What is a drift sock?
A drift sock is a simple, but effective, cone-shaped device that helps slow your boat down on windy days, but it has other uses too. If you haven’t used a drift sock before, you might not know the advantages it can give you.
How does a drift sock work?
A drift sock is essentially the opposite of a sail on a sailboat. On a sailboat, the wind pushes the sail, moving the boat faster than the surface of the water. A drift sock is put in he water, and as the boat is being pushed by the wind, the drift sock drags behind, almost acting as an anchor that slows the boat down.

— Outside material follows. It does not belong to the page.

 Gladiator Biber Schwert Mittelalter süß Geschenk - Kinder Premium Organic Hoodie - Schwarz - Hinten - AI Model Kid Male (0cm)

Why do you need a drift sock?
For fisherman that often fish open water, moving at slow speeds, a drift sock is almost a must have. As a walleye fisherman, I like to use a drift sock on days where the wind pushes my boat too fast for an effective drift speed, which is usually around .8-1.2 mph. For lakes that do not allow trolling, this means that you are at the mercy of the wind, and you need to change tactics or location. Where trolling is legal, the drift sock allows you to keep fishing the same location, even when the wind does pick up–keeping you on the fish.

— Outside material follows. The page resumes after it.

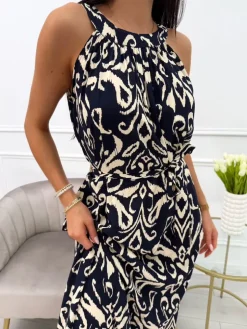 Granatowa Sukienka Maxi w Beżowy Wzór z Paskiem 14019-233-D|Modna Kiecka Fashion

Another use for the drift sock is to slow down your trolling speed. A lot of fisherman can’t afford a kicker outboard motor for trolling, to slow their boat down, so they have to find other ways to reach the optimal speeds with their motor. One option is a trolling plate. Another option, which many fisherman don’t know about, is the use of a drift sock. The best place to put the drift sock is on the hull clip in the front of the boat. The drift sock will be off to one side, causing the boat to turn, but a little compensated steering, or an adjacent driftsock will help correct that. Trolling with a drift sock requires much more attention however, as you can easily have a mess on your hands if the rope somehow gets caught in your propeller. But with a little practice, you can learn how much rope to let out so that the drift sock doesn’t interfere with anything.
Wind Blown Shorelines
A drift sock may seem like it can only be used out in the open water for drifting, but you can also use it working along shorelines where the wind is pushing into and along shore. You can set the drift sock off the back corner of the boat that is facing the wind, which will help slow the boat down, and then you can use your bow mount trolling motor to control speed and direction along the shoreline–thus keeping your boat parallel with shore. Any fisherman that fishes along shorelines, that are prone to high winds, this can save you a battle of better boat control. Better boat control=more time fishing productively.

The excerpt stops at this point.